The ae_fp.py script is long running. It performs three tasks at same time. 1. It collects trace for all the workloads. 2. It infers invariants for three setups in Section 5.4. 3. It checks inferred invariants on the validation workloads.

The experiments might fail if environment installation issues or disruption happens. When you run into problems, please refer to ⚠️ Notes & Troubleshooting.

⚠️ Notes & Troubleshooting

The script will automatically detect any errors in any (1) trace collection, (2) inference tasks, (3) checking tasks. If you encounter any trace collection issues, please check for any missing environment dependencies.

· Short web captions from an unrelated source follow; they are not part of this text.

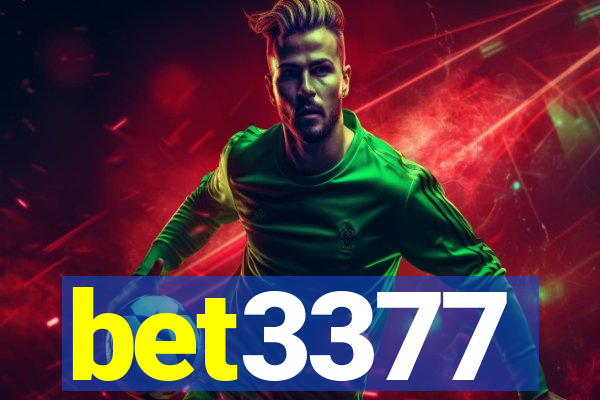 bet3377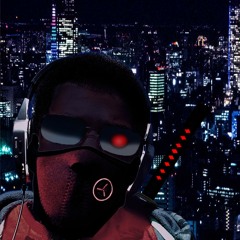 ShadowX251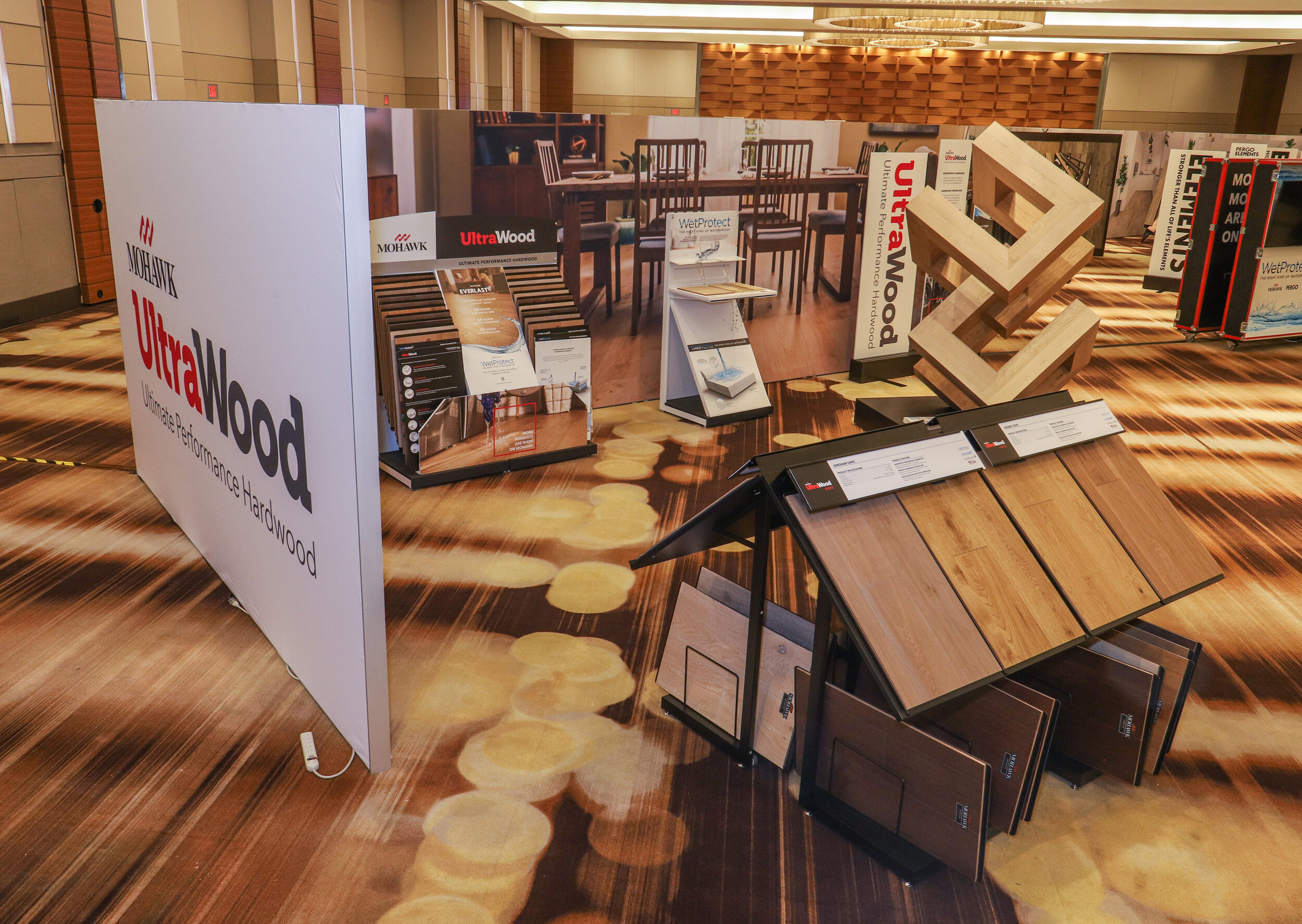 2021-MohawkMomentum_Atlanta-0584.jpg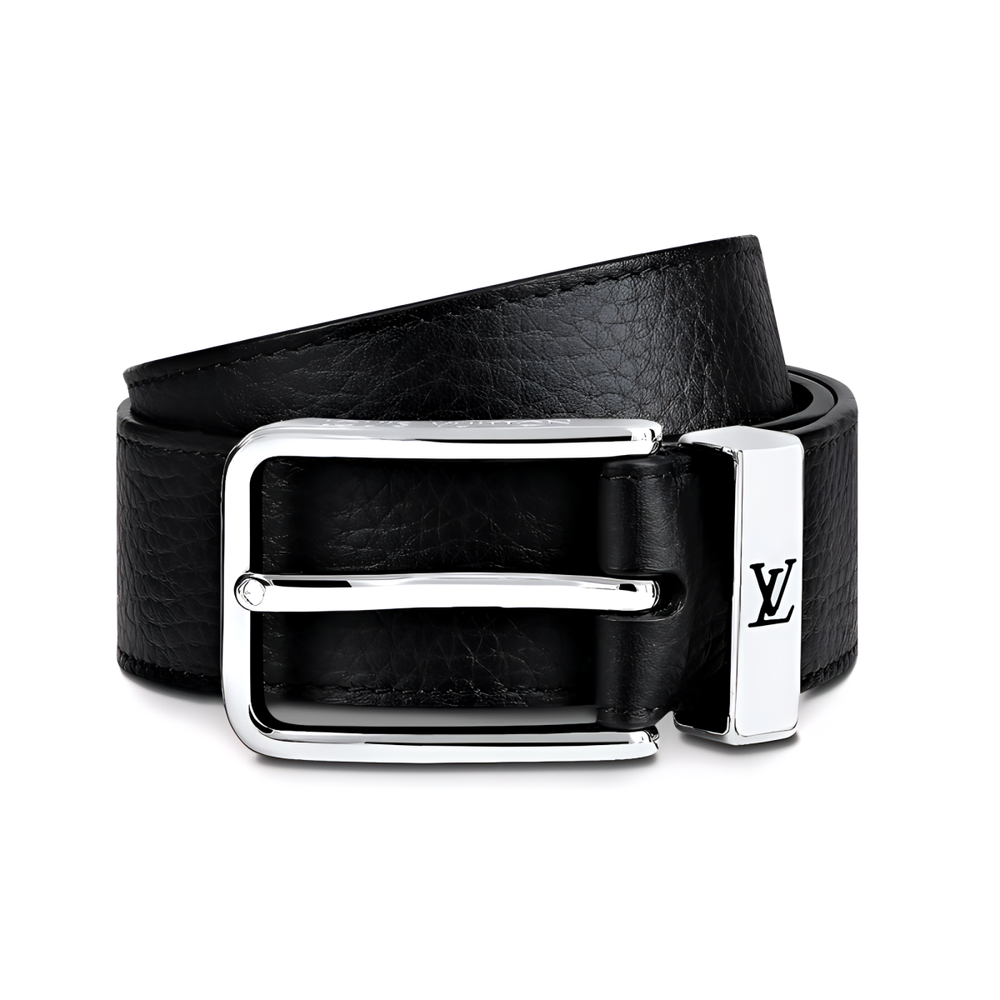 Пояс LOUIS VUITTON 3.5cm, M8202T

If you encounter any issues on invariant inference tasks or invariant checking tasks, please try to rerun the experiment by adding --overwrite-existing-results or delete all trace_* folders except for trace_ddp-multigpu.

If you see persistent issues, it will likely be a environment issue or software bug. Please contact us for help.

🧐 How to verify the results?

The compute_fp_rate.py script generates a file called fp_rates.csv under the current directory. Looking like this

setup,fp_rate
1-input,0.3105
4-input,0.1127
6-input,0.1066

These values correspond to the results reported in Section 5.4 of the paper. You should verify that the false positive rates are similar or lower. Since the OSDI submission, we have fixed multiple bugs in TrainCheck, so the false positive rates are expected to be significantly lower in most cases.

In our run of the script, we obtained the following results:

setup,fp_rate
1-input,0.039
4-input,0.021
6-input,0.015